3) decide if we want to use the pattern
workaround in NMDC in the meantime.
The experimental repo that helped me debug this: https://github.com/sierra-moxon/nmdc-patterns
% git clone https://github.com/sierra-moxon/nmdc-patterns # or fork
% poetry install
% cd nmdc-patterns
% make gen-project
% poetry run linkml-validate -f yaml -s src/nmdc_patterns/schema/nmdc_patterns.yaml -C WorkflowExecutionActivityCollection examples/Activity-001.yaml
I think the general issue here is: can we force the nmdc-schema, using core LinkML tools, to require that mentioned ids follow the pattern specified in the definition of the id for the mentioned id class?
And at what cost?
I am going to create a test repo to check some of my assumptions too. Hopefully we can make a decision on this by next week's Schema/Metadata meeting.
My next step is to analyze using gen-linkml to materialize structured patterns.
@shreddd Tagging you in this issue as it pertains to the database discussion. This would be easy in a relational database with a foreign key constraint. In practice for re-iding this has meant we've had to write a bunch of ad hoc mongo scripts to try and cover the gaps in using linkmls existing validation.
@sierra-moxon @turbomam is there an update on this? We've had to implement ad-hoc code here to make sure the values for was_generated_by follow napa style identifiers. Is the only short term solution to set a pattern with slot usage?

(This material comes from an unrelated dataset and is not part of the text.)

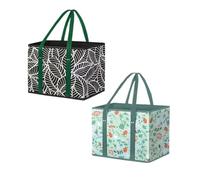 QKCQQTS Sacs d'épicerie réutilisables, sacs de courses pliables, grand sac fourre-tout pliable avec longues poignées et fond rigide. (2pcs-d)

@turbomam or @sierra-moxon do you have time to fix the ranges for was_informed_by and was_generated by separate if figuring out how to validate this. Code that @PeopleMakeCulture is prototyping checks the type and some of the data objects are showing errors b/c was_generated_by values are not of type Activity.

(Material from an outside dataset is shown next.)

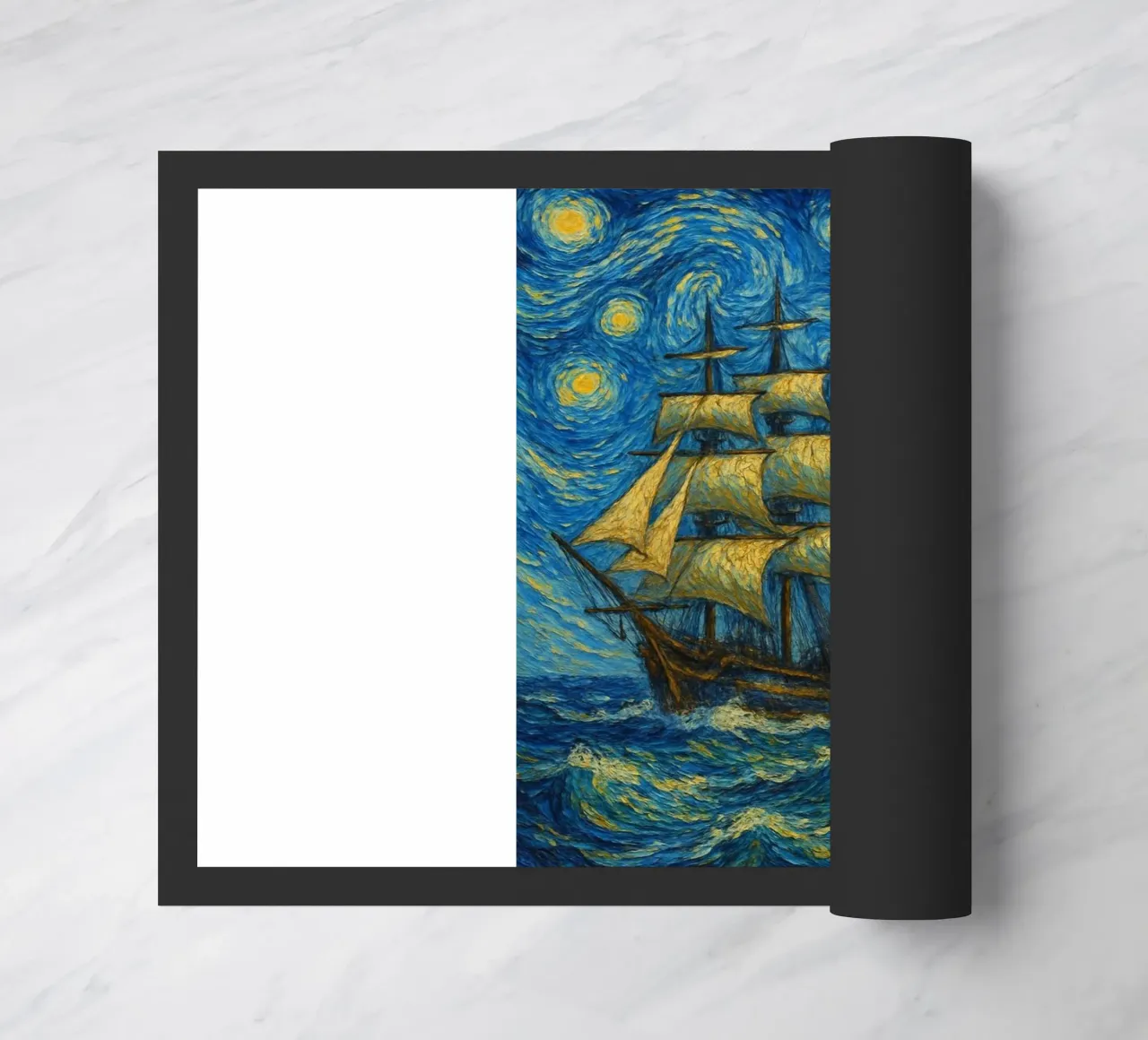 nave che naviga in una notte stellata zerbino da Piper Shop Oke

spoke about this at the LinkML dev call today. we propose a two-pronged approach here: 1) fix the "structured_pattern" support in JSONSchema generator 2) add flag to OWL generator to ignore structured patterns when a range constraint consisting of another class is specified.
Then in the NMDC schema, we specify structured patterns and class-range constraints to fully reconcile this.

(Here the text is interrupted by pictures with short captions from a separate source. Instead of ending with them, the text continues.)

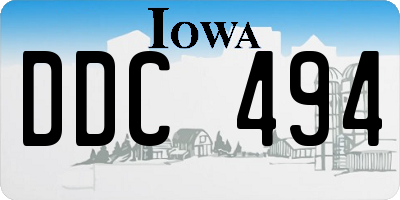 IA license plate DDC494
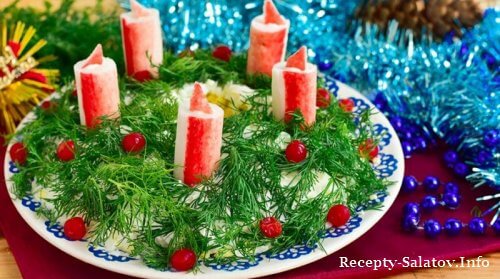 Салат для праздничного стола Рождественский венок пошагово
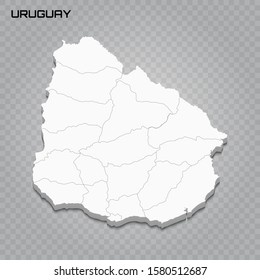 Uruguay 3d map with borders of regions. Vector illustration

WorkflowExecutionActivity subclasses populated was_informed_by with OmicsProcessing values. @picowatt pointed out that the specified range for was_informed_by is Activity and OmicsProcessing is a PlannedProcess, rooted in NamedThing, not under Activity. I'm not sure if this is from re-rooting OmicsProcessing. This is not causing any errors in production but the documentation is inaccurate and confusing and I can't recall where we are at with linkml enforcing range. was_informed_by doesn't not currently have a pattern constraint on it which is why we haven't been seeing any issues.